Limite ao alojamento local, mudanças fiscais, arrendamento coercivo e a sobrevivência dos vistos gold. O que vai mudar na habitação?

As opiniões sobre o urbanismo de Lisboa de Filipa Serpa poucas vezes passaram da teoria. Foi, desde 2015, professora auxiliar na Faculdade de Arquitetura da Universidade de Lisboa e membro do Conselho Geral da Universidade de Lisboa pela mesma instituição. No currículo académico conta ainda com várias funções de coordenação de pós-graduações e mais de dez anos de investigação do Centro de Investigação em Arquitetura, Urbanismo e Design.

A prática deu-se nos primeiros anos de carreira, enquanto técnica superior de Urbanismo e Planeamento, na Câmara Municipal de Lisboa, entre 2000 e 2005, período que abrangeu os mandatos de João Soares, Pedro Santana Lopes e Carmona Rodrigues.

Fernando Almeida e Cristina Matela, os vogais com experiência em governos do PS

Se António Gil Leitão é bem conhecido de Marina Gonçalves, um dos vogais do IHRU, que saltou da anterior direção, também faz parte do círculo da ministra.

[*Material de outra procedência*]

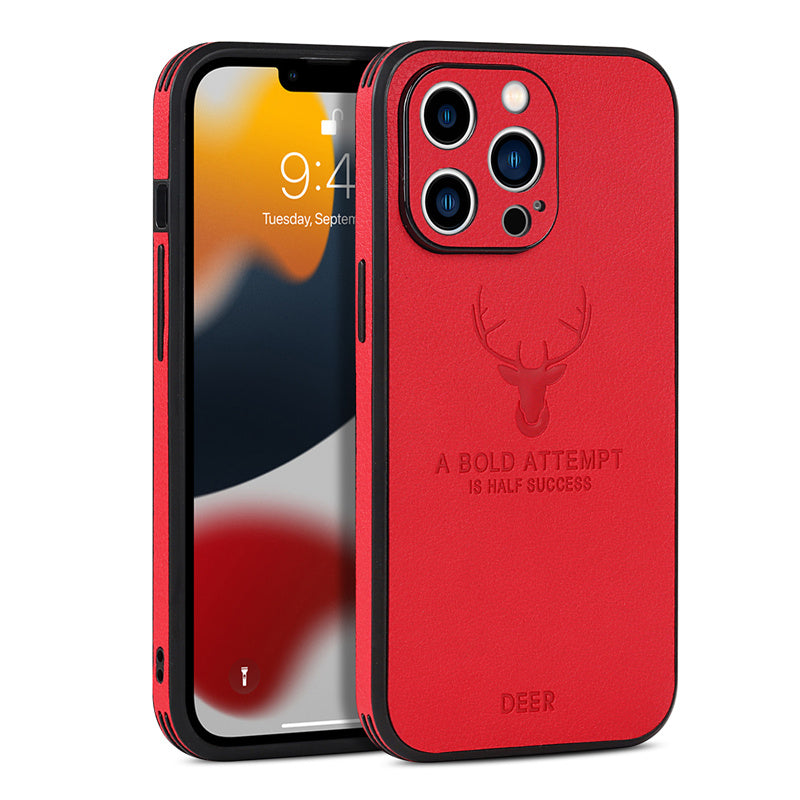 Luxury iPhone Case MagSafe Compatible Canvas Texture Deer Design Shockproof Protective Cover Bumper Frame Camera Lens Protection Slim Design
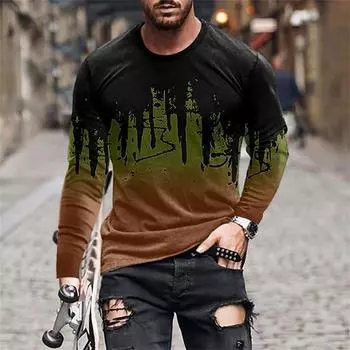 Персонализированная модная мужская футболка с 3D-принтом, модная мужская дышащая тонкая осенняя футболка с круглым вырезом и длинными рукавами.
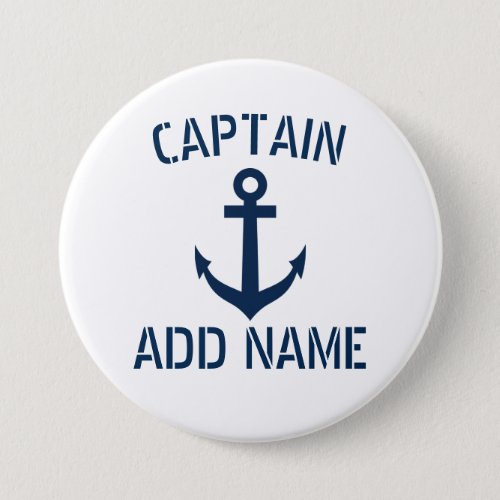 Nautical anchor boat captain name round pinback button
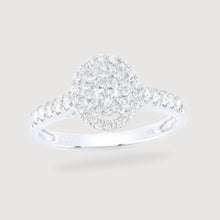  1/2CTW Oval Diamond Halo Bridal Wedding Ring Set - 14k White Gold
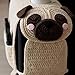 Crochet Dog Sofa Organizer, 2-Pocket Cute Handmade Crochet No-Slip Dog Sofa Armrest Organizer Caddy, Remote Control and Mug Holder for Living Room, Bedroom, Dorm Decor (A)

Era Marina Gonçalves secretária de Estado da Habitação de Pedro Nuno Santos quando teve Fernando Almeida como adjunto, após ser recrutado dos quadros do Instituto da Segurança Social (ISS). A passagem foi, porém, breve, tendo durado apenas três meses. Em setembro de 2022 foi nomeado vogal do conselho diretivo do IHRU, onde se mantém.

Enquanto quadro do ISS, que integrou em 2015, Fernando Almeida dirigiu a Unidade de Arquitetura e Engenharia dos Serviços Centrais do Instituto e fez parte da comissão que, em 2020, foi encarregada de redigir um relatório sobre as acessibilidades dos edifícios públicos, que identificou várias falhas nos acessos para pessoas com mobilidade condicionada. O vogal do IHRU, licenciado em arquitetura, desempenhou sempre funções ligadas à disciplina, fosse no ISS ou em câmaras municipais, como Leiria, onde foi diretor do Departamento de Infraestruturas e Manutenção, e Amadora, como técnico de construção civil. O único desvio no percurso deu-se numa empresa de obras públicas da Lourinhã, na qual foi coordenador.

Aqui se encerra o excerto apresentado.